Friday, February 05, 2010

The Penumbra of the Empty, Part VI


There are three identified motions at work: a vertical motion, a horizontal motion, and an “ecstatic” motion, which curiously rides the horizontal motion.

The way they are identified is somewhat arbitrary—I don’t see a good reason why I can’t have the vertical motion depicted as a “streaming-towards” – while depicting the horizontal motion as a “streaming against”.

The “ecstatic” motion, which rides, could ride both of the other motions, as a bobbing kayak rides the pronounced riffles of a big river at a bend where currents and countercurrents combine in some pretty weird ways (and the potential to mystify those weird ways is indeed decidedly high.)

This “ecstatic” motion—what is it?

Look at the etymology. Does this or does this not relate to some understanding of motion? The ecstatic—both outside motion or without motion AND in motion, with motion—a motion and a stasis--is a slider concept worthy of special attention.
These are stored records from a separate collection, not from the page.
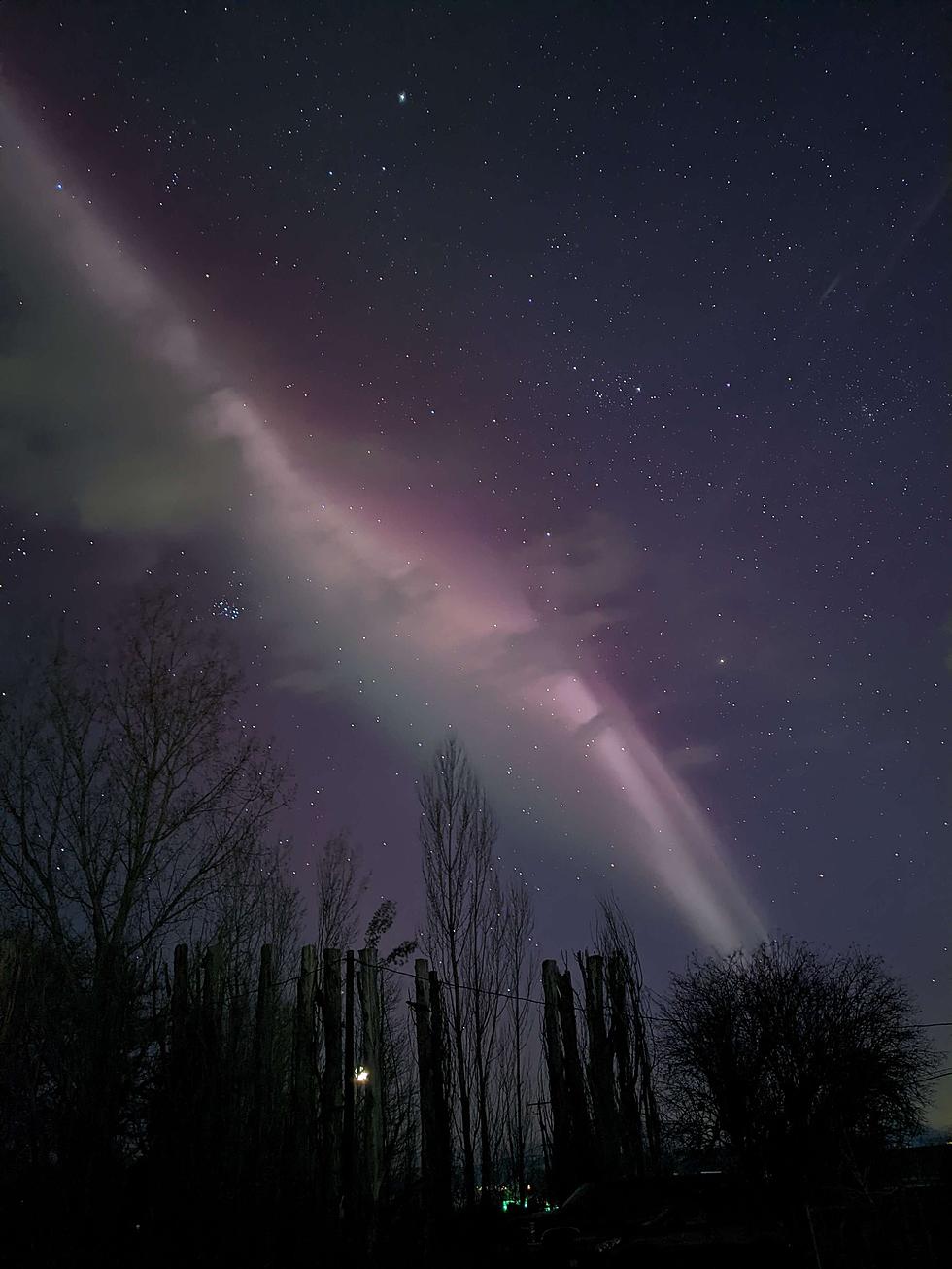 Yakima’s Night Sky Lit Up with Rare, Aurora-Like Phenomenon [PHOTOS]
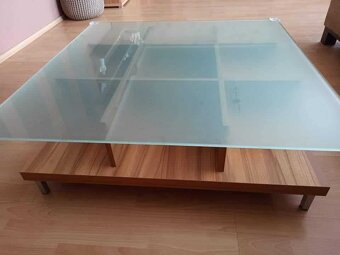 Konferenční stolek - 2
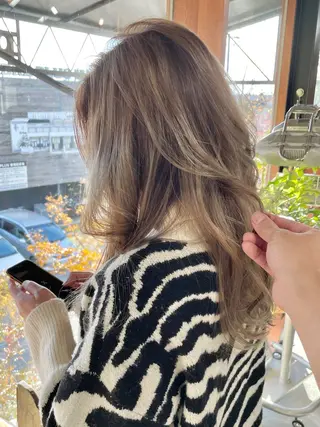 セミロング カラー 岡田 恭明のヘアスタイル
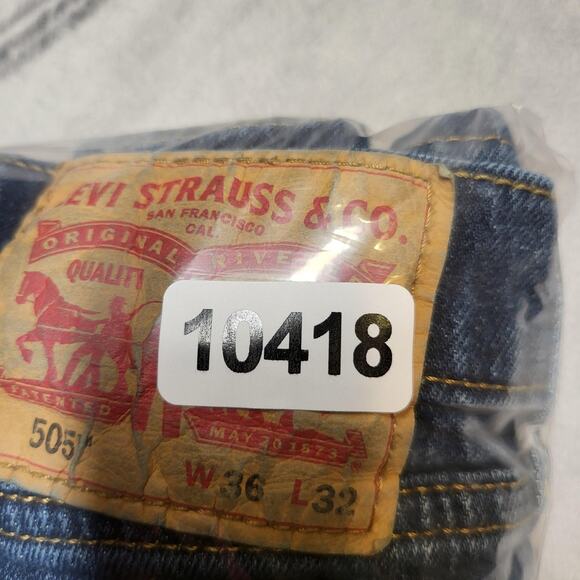 Levis 505 Jeans Mens 35x30 Blue Denim Straight Leg Medium Wash Classic Fit - Picture 10 of 10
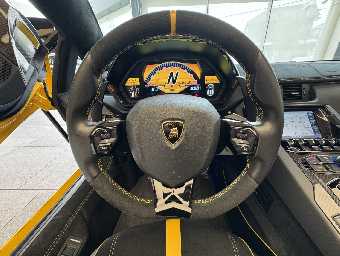 LAMBORGHINI AVENTADOR 2016 Image 49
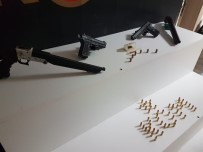 Muğla'da Yasa Dışı Silah Bulunduran 4 Şüpheli Yakalandı
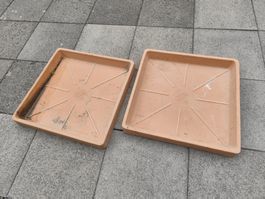 2 Untersetzer für Blumentöpfe, quadratisch, 54x54ch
late 14c., "in a frenzy or stupor, fearful, excited," from O.Fr. extasie, from L.L. extasis, from Gk. ekstasis "trance, distraction," from existanai "displace," also "drive out of one's mind" (existanai phrenon), from ek "out" + histanai "to place, cause to stand," from PIE base *sta- "to stand" (see stet). Used by 17c. mystical writers for "a state of rapture that stupefied the body while the soul contemplated divine things," which probably helped the meaning shift to "exalted state of good feeling" (1610s). Slang use for the drug 3,4-methylendioxymethamphetamine dates from 1985.

Online Etymological Dictionary:



The spatial and temporal and the relation between the two slowly give way to a highly-evaluated subjectivity, though the occurrence at around 1985 is deeply ambiguous.

Wednesday, February 03, 2010

The Penumbra of the Empty, Part V


I have three motions here,

1. A vertical motion—which I relate to the “dividing practices”.
2. A horizontal motion—which I relate to a passive (but nevertheless moving) subjectivity being acted upon by the vertical motion.
3. An anomalous “ecstatic” motion which is occupied by a “knower,” an "I."

The three motions connect together in what I can’t help but see as an assembly line. The vertical motion is the motion of a stamp press; the horizontal motion is the conveyor belt; the “ecstatic” motion is the widget sitting on the conveyor belt, moving towards the stamp press, which will very shortly impart its imprint onto the widget.